INNALILLAH WA INNA ILAIHI RAJI’UN …
((الَّذِينَ إِذَا أَصَابَتْهُمْ مُصِيبَةٌ قَالُوا إِنَّا لِلَّهِ وَإِنَّا إِلَيْهِ رَاجِعُونَ))البقرة: ١٥٦
“(yaitu) orang-orang yang apabila ditimpa musibah, mereka mengucapkan: “Inna lillâhi wa innâ ilaihi râji’ûn” [Al-Baqarah : 156]
((قُلْ لَنْ يُصِيبَنَا إِلَّا مَا كَتَبَ اللَّهُ لَنَا هُوَ مَوْلانَا وَعَلَى اللَّهِ فَلْيَتَوَكَّلِ الْمُؤْمِنُونَ)) التوبة: ٥١
“Katakanlah: ‘Sekali-kali tidak akan menimpa kami melainkan apa yang telah ditetapkan Allah untuk kami. Dialah pelindung kami, dan hanya kepada Allah orang-orang yang beriman harus bertawakal.” [At-Taubah : 56]
Maka kita mengatakan seperti yang dikatakan oleh Nabi Muhammad shalallahu ‘alaihi wasallam ketika wafatnya putra beliau :
تَدْمَعُ الْعَيْنُ، وَيَحْزَنُ الْقَلْبُ، وَلاَ نَقُولُ إِلاَّ مَا يَرْضَى رَبُّنَا، وَاللهِ يَا إِبْرَاهِيمُ إِنَّا بِكَ لَمَحْزُونُونَ
” AIR MATA BERLINANG,
HATI PUN BERSEDIH,
NAMUN KAMI TIDAK AKAN MENGATAKAN KECUALI APA YANG DIRIDHAI OLEH RABB KAMI
DEMI ALLAH, WAHAI IBRAHIM, KAMI SANGAT BERSEDIH DENGAN (KEPERGIAN)MU “
[HR. Al-Bukhari (1303) Muslim (2315) ]
Ya Allah, … Rahmatilah para ‘ulama ahlus sunnah. Tempatkanlah mereka di jannah-Mu yang tinggi, bersama para nabi, para shiddiqin, para syuhada, dan para shalihin.
Al-Imam ‘Aun bin ‘Abdillah berkata : “Barangsiapa yang meninggal di atas Islam dan Sunnah, sungguh baginya berita gembira dengan segala kebaikan.” (Syarh Ushul I’tiqad Ahlis Sunnah (60)).
Al-Imam Al-Fudhail bin ‘Iyadh juga mengatakan : “Sungguh beruntung bagi barangsiapa yang meninggal di atas Islam dan Sunnah.”
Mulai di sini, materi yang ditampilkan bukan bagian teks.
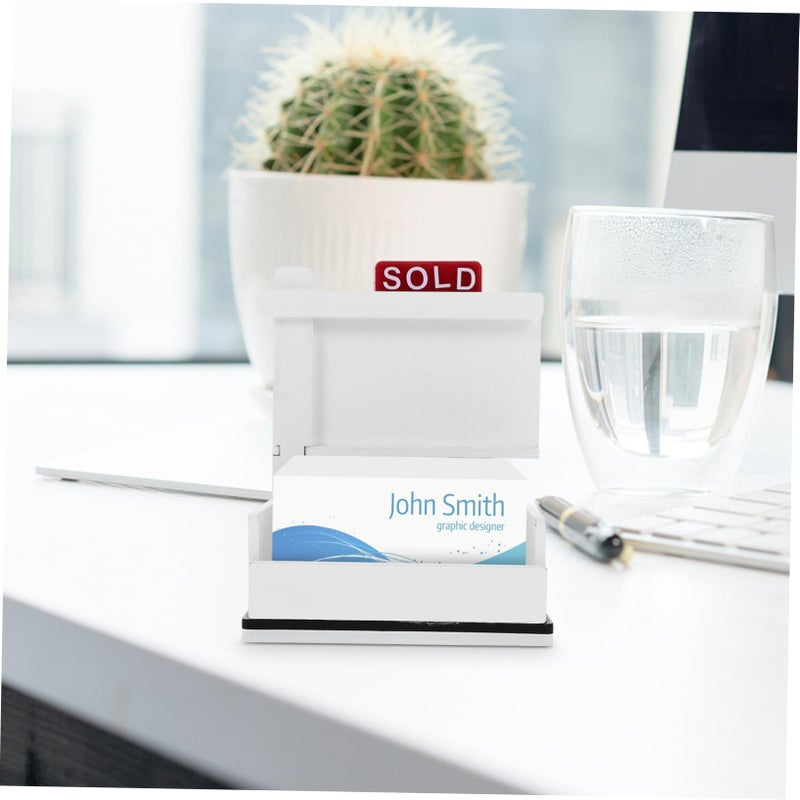Adjustable Height Business Card Display Stand 10 Piece Holder Office Organizer - Image 4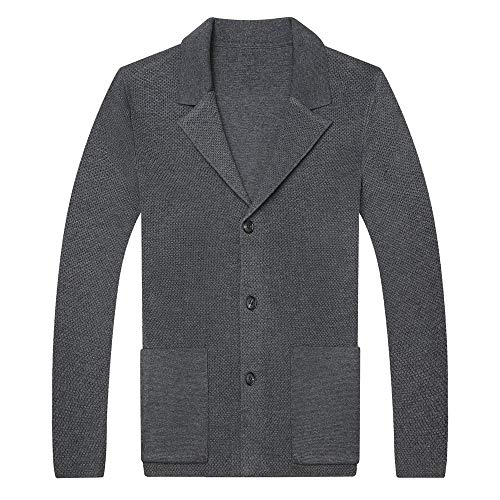 Otoño Nueva Chaqueta De Punto para Hombre, Chaqueta Informal De Negocios De Un Solo Pecho, Cárdigan, Chaqueta De Marca Masculina, Ropa XXL Darkgray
Al-Imam Ayyub As-Sakhtiyani mengatakan : “Sungguh ketika sampai kepadaku (berita) kematian seorang dari Ahlus Sunnah, maka seakan-akan hilanglah satu anggota tubuhku.”
Shahabat ‘Abdullah bin Mas’ud radhiallahu ‘anhu berkata : “Tidak akan datang suatu masa atas kalian melainkan masa yang akan datang tersebut lebih buruk daripada masa sebelumnya hingga datangnya Hari Kiamat. Maksud saya bukanlah kelapangan hidup yang diterimanya atau harta yang didapatnya (lebih sedikit). Akan tetapi maksud saya adalah masa yang akan datang itu lebih sedikit ilmunya daripada masa yang telah berlalu. Apabila ‘ulama telah pergi dan semua manusia merasa sama rata, akibatnya tidak ada lagi yang memerintahkan kepada yang ma’ruf dan mencegah dari munkar. Saat itulah mereka binasa.”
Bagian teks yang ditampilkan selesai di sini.